What you will do: Upon reaching the line containing "Luxusní 5chodové menu", output that line and all remaining lines exactly, through the end of the entries, and output nothing before it.

---

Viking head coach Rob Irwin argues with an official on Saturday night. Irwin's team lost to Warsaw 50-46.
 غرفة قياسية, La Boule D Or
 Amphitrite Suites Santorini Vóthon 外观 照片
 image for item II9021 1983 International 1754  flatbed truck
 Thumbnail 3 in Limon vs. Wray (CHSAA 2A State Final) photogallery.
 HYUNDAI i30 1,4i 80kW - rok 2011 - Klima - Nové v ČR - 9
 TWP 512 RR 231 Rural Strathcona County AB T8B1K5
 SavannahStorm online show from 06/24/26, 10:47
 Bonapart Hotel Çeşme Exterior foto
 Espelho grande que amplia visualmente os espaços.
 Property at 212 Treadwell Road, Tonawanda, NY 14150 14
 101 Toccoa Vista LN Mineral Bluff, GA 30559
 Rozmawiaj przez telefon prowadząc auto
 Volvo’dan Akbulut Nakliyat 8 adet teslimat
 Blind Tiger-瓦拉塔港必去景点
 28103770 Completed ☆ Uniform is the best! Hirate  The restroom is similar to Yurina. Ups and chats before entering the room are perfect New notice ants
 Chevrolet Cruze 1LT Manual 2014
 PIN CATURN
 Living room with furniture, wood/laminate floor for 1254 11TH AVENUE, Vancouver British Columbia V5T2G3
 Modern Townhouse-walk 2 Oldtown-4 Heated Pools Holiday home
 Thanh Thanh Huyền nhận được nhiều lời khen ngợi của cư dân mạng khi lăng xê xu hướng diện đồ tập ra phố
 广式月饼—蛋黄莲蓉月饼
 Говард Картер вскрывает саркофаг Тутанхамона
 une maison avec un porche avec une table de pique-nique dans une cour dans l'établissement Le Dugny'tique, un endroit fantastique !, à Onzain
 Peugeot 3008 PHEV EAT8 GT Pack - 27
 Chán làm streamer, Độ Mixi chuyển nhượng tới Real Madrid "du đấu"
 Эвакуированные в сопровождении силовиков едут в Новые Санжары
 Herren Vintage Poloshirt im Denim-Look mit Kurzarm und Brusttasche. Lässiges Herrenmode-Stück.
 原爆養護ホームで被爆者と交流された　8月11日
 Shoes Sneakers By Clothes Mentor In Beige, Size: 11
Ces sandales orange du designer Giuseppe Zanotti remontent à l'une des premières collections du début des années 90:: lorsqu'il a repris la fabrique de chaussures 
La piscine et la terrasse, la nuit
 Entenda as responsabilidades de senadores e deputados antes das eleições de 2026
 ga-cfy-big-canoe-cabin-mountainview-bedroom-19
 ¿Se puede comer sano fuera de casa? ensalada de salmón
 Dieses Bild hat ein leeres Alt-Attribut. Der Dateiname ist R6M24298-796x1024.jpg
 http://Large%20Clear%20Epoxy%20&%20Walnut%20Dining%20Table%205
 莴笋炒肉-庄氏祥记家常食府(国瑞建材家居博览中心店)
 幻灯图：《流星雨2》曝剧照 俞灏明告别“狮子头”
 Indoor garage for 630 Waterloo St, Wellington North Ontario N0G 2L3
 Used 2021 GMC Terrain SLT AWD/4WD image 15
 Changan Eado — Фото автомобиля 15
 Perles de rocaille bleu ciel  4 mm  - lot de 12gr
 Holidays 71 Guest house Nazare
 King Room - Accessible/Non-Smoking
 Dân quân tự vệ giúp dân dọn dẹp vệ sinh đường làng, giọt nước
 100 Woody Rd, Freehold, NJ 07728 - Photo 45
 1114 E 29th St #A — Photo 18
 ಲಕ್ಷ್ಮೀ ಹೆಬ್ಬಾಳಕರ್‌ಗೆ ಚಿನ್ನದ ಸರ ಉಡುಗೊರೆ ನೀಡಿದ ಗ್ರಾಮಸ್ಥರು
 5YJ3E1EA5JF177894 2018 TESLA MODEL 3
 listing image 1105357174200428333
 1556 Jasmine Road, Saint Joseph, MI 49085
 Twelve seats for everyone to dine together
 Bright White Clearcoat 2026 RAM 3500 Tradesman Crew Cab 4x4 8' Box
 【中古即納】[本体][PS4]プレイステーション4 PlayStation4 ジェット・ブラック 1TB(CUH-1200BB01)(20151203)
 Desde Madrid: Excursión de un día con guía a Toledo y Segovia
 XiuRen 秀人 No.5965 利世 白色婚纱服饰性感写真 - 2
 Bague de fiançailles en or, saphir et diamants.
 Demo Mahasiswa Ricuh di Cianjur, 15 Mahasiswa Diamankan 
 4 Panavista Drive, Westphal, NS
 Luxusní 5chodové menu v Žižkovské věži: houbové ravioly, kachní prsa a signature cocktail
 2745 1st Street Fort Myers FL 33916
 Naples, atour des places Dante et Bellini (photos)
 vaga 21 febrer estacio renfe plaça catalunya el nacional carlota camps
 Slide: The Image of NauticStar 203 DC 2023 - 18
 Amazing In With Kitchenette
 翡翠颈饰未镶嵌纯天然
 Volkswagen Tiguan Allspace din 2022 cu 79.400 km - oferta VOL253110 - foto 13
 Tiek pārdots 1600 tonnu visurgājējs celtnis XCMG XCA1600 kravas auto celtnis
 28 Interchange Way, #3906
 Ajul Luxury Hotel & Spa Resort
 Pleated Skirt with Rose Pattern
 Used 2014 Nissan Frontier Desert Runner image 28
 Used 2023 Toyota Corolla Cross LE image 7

---

The answer:
 Luxusní 5chodové menu v Žižkovské věži: houbové ravioly, kachní prsa a signature cocktail
 2745 1st Street Fort Myers FL 33916
 Naples, atour des places Dante et Bellini (photos)
 vaga 21 febrer estacio renfe plaça catalunya el nacional carlota camps
 Slide: The Image of NauticStar 203 DC 2023 - 18
 Amazing In With Kitchenette
 翡翠颈饰未镶嵌纯天然
 Volkswagen Tiguan Allspace din 2022 cu 79.400 km - oferta VOL253110 - foto 13
 Tiek pārdots 1600 tonnu visurgājējs celtnis XCMG XCA1600 kravas auto celtnis
 28 Interchange Way, #3906
 Ajul Luxury Hotel & Spa Resort
 Pleated Skirt with Rose Pattern
 Used 2014 Nissan Frontier Desert Runner image 28
 Used 2023 Toyota Corolla Cross LE image 7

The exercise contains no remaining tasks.